COLUNISTA
Em 2 de março de 1957, o Sr. Manuel Ramalho estava à meia-noite em frente ao Hotel D. Pedro, quando passou um “cadillac” azul, notando o Sr. Ramalho que do interior do veículo algo foi jogado pela janela. Levado pela curiosidade foi verificar o que era, deparando-se com uma blusa de senhora de seda azul. “Tempos Dourados”. Já a 24 de janeiro do mesmo ano, a polícia foi chamada a intervir uma sessão de cinema no “Cine Petrópolis”, quando era exibido o filme “Ao Balanço das Horas”, por bagunça e algazarra de jovens frequentadores, sob o pretexto da emoção incontrolável do “Rock and Roll”. No dia 4 de abril de 1957 deu no primeiro prêmio o milhar do carro do delegado Dr. Paulo Bretz: 1370. O “Obelisco” estava em construção, um freguês viajante sai da Casa D’Angelo, já tarde da noite, vira-se para o garçom perguntando-lhe:
“- Que chaminé é essa?”. Apontando para a obra. A resposta foi imediata: “- Isso é o tal de ‘omenisco’ da cidade!”.

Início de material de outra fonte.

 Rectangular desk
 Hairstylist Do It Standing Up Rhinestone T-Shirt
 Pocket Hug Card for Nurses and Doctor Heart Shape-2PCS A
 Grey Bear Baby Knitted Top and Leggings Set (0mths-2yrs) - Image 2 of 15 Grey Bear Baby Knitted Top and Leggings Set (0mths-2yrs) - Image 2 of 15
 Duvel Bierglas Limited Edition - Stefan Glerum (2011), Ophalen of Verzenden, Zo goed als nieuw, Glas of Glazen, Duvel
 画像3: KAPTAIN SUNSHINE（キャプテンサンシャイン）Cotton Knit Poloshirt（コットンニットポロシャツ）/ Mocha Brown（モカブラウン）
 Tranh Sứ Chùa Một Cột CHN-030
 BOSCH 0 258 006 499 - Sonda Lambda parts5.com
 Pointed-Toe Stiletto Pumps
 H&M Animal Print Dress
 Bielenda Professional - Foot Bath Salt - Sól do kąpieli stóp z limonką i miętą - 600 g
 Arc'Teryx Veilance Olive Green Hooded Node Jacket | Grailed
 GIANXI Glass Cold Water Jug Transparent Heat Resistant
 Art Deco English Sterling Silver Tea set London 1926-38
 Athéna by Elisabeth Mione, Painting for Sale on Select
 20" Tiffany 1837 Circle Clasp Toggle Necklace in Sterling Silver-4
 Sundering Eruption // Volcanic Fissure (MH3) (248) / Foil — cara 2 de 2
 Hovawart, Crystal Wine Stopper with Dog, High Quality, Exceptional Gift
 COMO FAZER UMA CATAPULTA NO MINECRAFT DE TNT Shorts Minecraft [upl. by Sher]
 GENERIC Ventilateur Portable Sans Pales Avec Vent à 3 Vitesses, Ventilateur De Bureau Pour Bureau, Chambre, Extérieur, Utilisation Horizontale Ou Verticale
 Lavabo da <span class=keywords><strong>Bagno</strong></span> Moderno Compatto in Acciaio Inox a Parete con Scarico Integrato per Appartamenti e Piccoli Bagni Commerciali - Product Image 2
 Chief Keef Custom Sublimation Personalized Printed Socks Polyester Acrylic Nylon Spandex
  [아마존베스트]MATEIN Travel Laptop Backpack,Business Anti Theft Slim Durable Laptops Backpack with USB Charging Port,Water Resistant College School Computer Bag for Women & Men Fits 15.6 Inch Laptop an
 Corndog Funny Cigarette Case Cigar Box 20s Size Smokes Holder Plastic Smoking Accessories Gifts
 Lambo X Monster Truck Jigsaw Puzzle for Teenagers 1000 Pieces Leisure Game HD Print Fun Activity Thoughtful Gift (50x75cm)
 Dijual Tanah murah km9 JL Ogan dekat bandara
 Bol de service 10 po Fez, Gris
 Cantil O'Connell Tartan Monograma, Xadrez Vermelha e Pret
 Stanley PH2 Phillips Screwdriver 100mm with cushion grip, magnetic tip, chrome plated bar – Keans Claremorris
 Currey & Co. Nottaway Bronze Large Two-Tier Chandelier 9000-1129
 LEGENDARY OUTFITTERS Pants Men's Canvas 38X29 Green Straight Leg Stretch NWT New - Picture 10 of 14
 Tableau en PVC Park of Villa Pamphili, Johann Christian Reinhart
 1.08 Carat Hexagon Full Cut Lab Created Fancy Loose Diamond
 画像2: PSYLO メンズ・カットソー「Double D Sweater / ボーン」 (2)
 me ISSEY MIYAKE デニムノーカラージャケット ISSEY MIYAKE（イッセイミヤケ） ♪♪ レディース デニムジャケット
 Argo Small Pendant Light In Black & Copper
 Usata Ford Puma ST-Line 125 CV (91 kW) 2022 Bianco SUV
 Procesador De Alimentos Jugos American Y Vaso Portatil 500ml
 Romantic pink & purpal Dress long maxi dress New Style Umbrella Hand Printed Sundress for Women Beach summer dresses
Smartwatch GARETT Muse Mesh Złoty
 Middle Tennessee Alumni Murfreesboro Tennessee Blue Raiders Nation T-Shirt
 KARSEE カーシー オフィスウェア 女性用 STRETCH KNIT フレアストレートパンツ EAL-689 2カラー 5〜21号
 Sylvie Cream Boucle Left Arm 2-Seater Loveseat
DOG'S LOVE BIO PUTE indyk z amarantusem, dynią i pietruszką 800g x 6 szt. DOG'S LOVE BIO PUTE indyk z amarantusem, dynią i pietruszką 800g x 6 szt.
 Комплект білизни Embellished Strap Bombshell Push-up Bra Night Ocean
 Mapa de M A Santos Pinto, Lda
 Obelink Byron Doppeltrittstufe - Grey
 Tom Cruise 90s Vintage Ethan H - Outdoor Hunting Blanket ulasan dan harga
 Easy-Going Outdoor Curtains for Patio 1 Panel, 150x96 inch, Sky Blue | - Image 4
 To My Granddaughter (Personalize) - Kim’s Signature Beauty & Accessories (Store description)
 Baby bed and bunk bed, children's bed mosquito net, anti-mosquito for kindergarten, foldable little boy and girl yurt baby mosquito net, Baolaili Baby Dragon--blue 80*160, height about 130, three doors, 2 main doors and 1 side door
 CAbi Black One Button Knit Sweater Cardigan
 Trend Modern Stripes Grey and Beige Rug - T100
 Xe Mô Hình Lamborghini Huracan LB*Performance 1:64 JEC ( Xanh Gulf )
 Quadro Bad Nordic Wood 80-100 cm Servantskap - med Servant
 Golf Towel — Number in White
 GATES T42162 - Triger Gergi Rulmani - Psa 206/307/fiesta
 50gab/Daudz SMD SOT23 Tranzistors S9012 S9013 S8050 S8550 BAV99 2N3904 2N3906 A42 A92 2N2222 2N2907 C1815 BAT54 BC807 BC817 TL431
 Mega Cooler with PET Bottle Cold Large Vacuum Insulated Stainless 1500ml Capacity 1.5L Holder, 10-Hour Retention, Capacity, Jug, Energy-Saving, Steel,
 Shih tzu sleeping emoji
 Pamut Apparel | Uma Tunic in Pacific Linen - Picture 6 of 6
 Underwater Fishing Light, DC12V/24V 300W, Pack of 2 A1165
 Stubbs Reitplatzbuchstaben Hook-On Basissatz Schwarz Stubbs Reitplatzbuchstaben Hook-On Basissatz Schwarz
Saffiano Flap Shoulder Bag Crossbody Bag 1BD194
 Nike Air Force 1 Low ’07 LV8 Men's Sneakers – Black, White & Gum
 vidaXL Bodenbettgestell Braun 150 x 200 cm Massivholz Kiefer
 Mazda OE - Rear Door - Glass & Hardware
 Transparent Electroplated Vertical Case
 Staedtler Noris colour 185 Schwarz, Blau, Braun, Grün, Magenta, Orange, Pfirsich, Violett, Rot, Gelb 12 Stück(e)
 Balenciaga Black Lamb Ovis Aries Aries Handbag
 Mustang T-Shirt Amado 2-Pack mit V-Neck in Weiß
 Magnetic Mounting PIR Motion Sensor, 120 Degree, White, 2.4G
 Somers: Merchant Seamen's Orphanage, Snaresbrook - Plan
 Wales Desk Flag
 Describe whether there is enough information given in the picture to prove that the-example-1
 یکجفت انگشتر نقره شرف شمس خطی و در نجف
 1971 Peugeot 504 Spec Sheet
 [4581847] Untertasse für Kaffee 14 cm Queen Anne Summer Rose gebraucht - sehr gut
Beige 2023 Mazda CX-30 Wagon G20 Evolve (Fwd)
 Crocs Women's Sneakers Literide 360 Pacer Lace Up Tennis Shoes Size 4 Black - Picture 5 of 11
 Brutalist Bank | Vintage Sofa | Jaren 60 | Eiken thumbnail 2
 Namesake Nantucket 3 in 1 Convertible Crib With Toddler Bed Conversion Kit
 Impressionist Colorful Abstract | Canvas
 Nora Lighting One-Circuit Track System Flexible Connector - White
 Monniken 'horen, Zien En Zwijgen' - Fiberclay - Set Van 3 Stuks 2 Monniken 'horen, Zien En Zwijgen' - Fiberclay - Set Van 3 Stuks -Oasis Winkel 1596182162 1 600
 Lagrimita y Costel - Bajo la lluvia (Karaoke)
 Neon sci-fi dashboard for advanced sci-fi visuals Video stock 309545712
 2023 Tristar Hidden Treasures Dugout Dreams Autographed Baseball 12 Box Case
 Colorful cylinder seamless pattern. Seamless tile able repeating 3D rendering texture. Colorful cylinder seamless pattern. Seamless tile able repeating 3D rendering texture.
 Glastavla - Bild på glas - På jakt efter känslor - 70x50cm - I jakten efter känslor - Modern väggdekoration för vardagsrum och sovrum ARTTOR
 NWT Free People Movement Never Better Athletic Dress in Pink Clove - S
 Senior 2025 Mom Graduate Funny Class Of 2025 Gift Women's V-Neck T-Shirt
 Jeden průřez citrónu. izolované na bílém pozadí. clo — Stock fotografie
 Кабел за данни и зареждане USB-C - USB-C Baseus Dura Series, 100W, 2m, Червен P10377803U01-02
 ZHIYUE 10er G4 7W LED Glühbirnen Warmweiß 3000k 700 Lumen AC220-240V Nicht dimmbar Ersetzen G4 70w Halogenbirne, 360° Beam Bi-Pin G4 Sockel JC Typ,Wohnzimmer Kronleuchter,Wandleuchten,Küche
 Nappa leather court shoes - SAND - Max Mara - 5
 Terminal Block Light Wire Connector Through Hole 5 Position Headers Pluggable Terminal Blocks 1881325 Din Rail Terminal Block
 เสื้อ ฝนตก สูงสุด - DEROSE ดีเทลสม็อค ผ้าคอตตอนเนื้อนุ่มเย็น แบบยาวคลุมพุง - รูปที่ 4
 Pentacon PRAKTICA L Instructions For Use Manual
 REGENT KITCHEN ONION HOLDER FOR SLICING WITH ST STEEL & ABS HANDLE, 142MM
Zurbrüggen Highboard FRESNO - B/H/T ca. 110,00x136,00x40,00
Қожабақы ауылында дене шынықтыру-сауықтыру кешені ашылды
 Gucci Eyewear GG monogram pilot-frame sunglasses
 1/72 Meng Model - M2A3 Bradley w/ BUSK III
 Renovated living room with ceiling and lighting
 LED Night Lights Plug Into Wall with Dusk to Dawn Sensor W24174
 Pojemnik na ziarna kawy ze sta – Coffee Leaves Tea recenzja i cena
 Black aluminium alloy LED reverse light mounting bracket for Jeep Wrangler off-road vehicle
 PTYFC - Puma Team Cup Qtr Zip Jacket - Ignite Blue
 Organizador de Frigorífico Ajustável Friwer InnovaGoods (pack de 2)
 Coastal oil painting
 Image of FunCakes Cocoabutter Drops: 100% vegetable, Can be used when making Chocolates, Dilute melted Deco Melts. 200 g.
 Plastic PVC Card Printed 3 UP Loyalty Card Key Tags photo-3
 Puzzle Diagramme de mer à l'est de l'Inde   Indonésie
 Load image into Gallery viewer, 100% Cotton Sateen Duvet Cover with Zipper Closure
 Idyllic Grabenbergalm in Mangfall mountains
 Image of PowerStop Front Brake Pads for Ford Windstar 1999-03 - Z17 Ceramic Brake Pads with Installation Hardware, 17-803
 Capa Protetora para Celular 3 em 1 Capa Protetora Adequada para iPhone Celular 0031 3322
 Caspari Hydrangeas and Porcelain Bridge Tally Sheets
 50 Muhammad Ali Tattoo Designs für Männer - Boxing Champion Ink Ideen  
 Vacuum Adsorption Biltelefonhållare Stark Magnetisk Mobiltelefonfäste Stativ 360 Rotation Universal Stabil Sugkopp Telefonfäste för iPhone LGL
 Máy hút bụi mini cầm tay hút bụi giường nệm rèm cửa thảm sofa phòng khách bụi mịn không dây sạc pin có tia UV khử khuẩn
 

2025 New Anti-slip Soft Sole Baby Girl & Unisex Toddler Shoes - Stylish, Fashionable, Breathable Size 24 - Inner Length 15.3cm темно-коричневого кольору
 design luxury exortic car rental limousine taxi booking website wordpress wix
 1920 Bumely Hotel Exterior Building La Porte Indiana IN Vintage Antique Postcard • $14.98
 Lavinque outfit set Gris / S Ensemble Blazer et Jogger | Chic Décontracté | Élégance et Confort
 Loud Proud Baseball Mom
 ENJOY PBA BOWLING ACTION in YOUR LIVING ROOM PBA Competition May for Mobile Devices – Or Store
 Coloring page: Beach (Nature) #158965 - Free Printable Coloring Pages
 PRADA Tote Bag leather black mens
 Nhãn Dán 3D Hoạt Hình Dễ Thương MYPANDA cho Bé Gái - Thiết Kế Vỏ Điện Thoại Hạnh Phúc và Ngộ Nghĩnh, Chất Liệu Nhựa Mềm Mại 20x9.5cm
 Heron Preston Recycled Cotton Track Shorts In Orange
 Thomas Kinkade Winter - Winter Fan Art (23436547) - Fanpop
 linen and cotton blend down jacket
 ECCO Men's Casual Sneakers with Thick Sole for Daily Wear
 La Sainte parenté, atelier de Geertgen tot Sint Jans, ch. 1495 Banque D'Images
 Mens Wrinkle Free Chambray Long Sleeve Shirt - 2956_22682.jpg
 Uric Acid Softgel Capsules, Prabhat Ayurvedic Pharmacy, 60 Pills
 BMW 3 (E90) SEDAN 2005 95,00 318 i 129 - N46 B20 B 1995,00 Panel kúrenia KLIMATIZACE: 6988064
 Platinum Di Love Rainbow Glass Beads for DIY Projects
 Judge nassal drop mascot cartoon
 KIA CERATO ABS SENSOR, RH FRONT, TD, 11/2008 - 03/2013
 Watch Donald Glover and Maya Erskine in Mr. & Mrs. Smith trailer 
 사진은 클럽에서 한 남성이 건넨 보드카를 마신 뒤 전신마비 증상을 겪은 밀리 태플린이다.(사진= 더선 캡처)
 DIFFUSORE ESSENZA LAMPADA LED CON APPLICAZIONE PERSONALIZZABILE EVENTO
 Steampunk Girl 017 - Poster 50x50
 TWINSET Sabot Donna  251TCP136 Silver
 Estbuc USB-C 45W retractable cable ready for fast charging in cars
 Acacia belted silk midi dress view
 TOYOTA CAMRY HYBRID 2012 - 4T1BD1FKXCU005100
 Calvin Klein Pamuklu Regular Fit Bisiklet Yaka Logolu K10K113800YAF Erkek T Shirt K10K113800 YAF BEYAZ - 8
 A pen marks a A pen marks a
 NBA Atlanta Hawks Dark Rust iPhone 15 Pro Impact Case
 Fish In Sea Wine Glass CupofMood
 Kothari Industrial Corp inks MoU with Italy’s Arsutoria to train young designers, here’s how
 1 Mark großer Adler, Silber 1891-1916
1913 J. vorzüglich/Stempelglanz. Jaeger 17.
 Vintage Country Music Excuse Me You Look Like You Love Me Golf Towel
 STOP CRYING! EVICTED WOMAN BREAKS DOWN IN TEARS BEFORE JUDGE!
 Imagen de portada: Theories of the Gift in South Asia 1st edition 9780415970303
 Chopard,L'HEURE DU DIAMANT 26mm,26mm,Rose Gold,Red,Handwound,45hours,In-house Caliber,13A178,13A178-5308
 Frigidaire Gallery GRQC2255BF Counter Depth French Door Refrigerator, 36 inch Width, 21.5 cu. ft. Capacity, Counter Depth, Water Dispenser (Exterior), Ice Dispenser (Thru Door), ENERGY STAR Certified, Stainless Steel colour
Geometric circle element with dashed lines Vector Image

As obras, ditas de urbanização e modernização do centro comercial foram inauguradas em 20 de setembro de 1957, comemorando o primeiro centenário da elevação de Petrópolis à categoria de cidade. Ao centro da Avenida XV de Novembro, na região da “Bacia”, foi erguido monumento, um Obelisco de 20m de altura, revestido em mármore, onde justificou a municipalidade homenagear os fundadores de Petrópolis. Em sua base estão placas de bronze,
com os nomes das famílias dos colonos germânicos chegados a Petrópolis a partir de 29 de junho de 1845. Projeto do engenheiro Glass Veiga e executado pelo engenheiro Ellyr Allah Rodrigues.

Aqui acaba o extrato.